(Collected data entries)

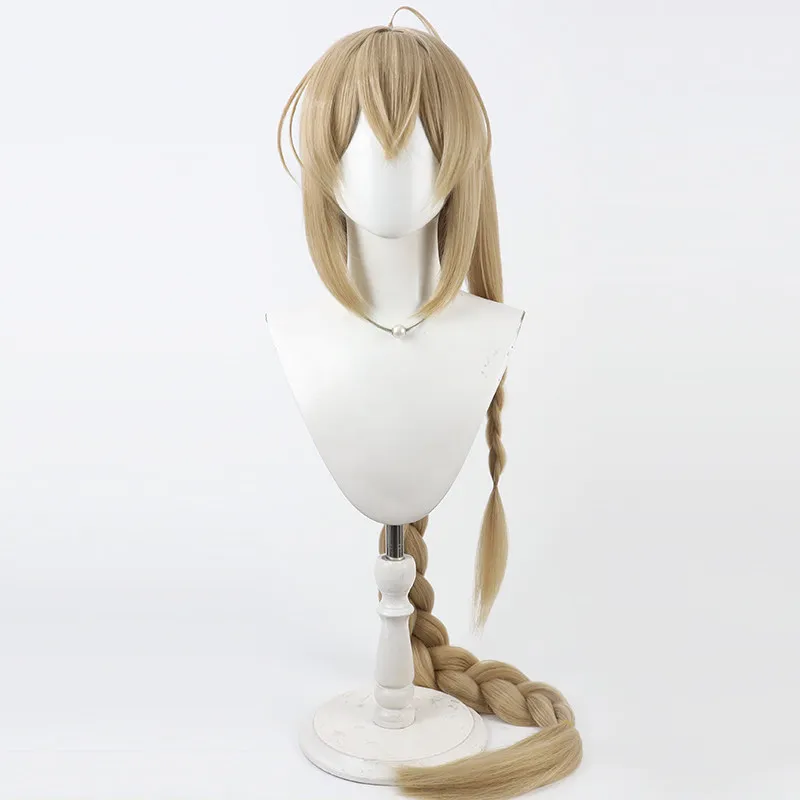 Stellea Lala Silva Cosplay Wig Compass Linen 150cm Heat Resistant Synthetic Hair Halloween Party Role Play Carnival + Wig Cap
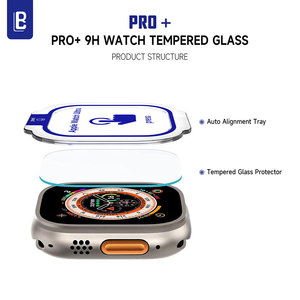 Smart Watch 3d Full Coverage Smart Watch Film Screen Protector for <strong>Apple</strong> Watch Series <strong>8</strong> 49mm 45mm Screen Protector - Product Image 3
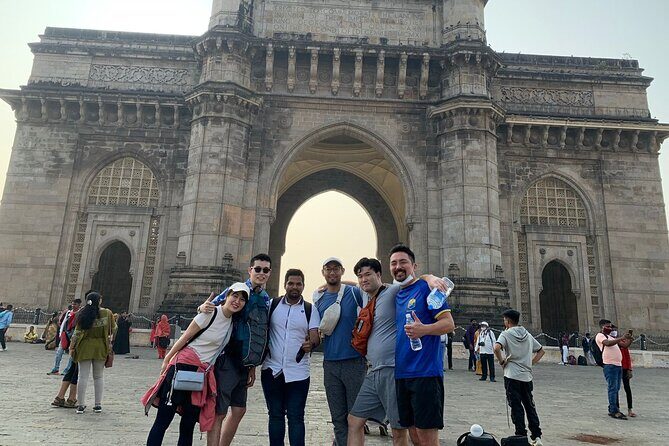 Best South Mumbai Heritage Walk - Gateway of India: monument scale you feel in person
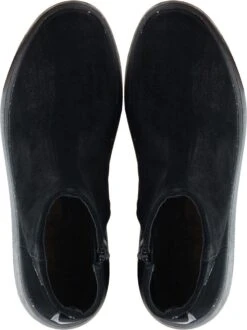 Woden Enkellaarsjes Dames / Laarzen / Damesschoenen - Suède - Abbi Suede - Zwart - Maat 37 -Gabor Verkoop 2024 899x1200 3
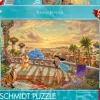 Schmidt: Thomas Kinkade Studios - Disney, Jasmine Dancing in the Desert Sunlight (1000)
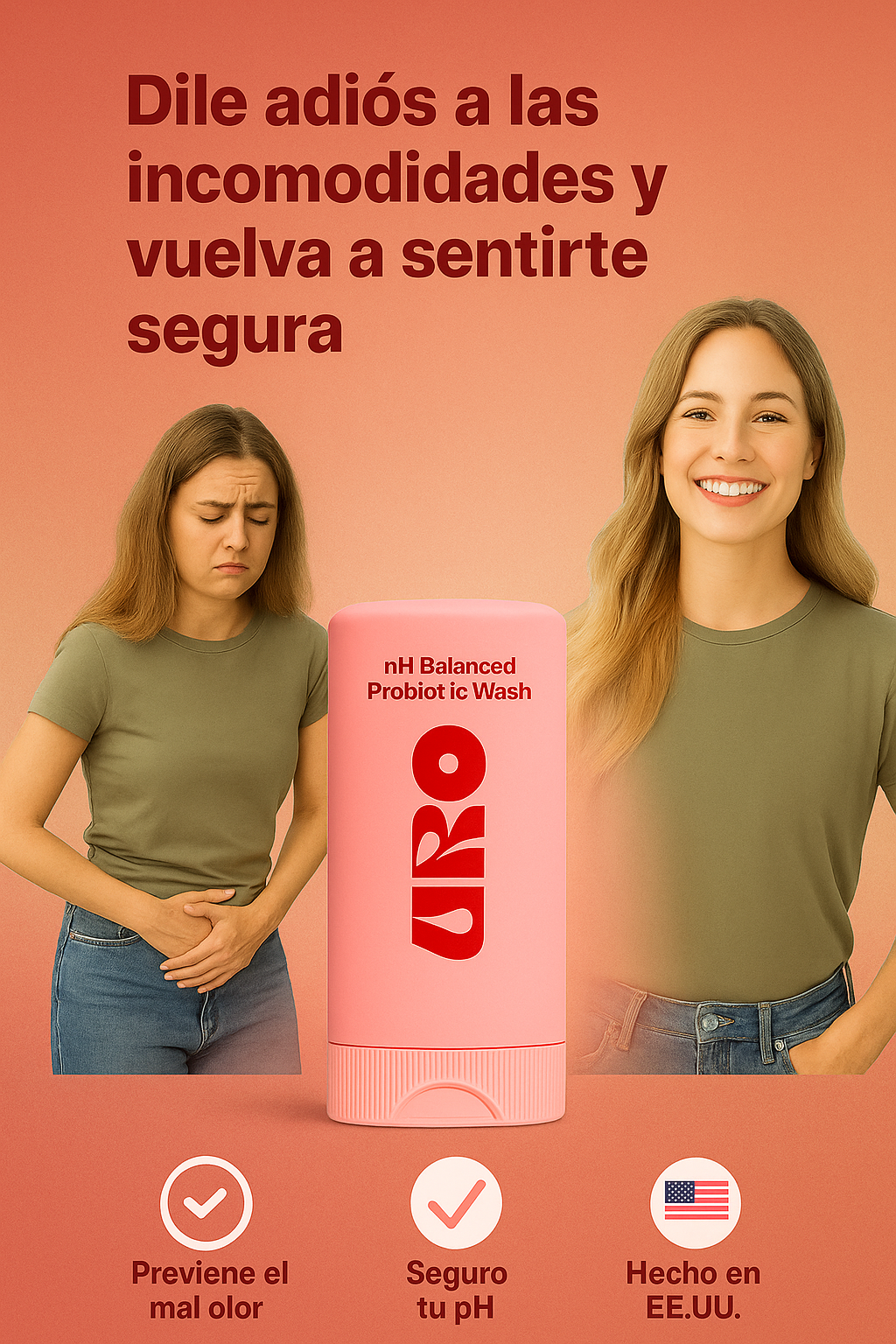 URO Balance®: El Jabón Probiótico que Elimina el Mal Olor Íntimo y Equilibra tu pH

Exercise details:
Retype, without any picture, exactly the lines from the one with "Woden Enkellaarsjes Dames" through the end of the entries, inclusive.

Solution for this problem:
 Woden Enkellaarsjes Dames / Laarzen / Damesschoenen - Suède - Abbi Suede - Zwart - Maat 37 -Gabor Verkoop 2024 899x1200 3
 Schmidt: Thomas Kinkade Studios - Disney, Jasmine Dancing in the Desert Sunlight (1000)
 URO Balance®: El Jabón Probiótico que Elimina el Mal Olor Íntimo y Equilibra tu pH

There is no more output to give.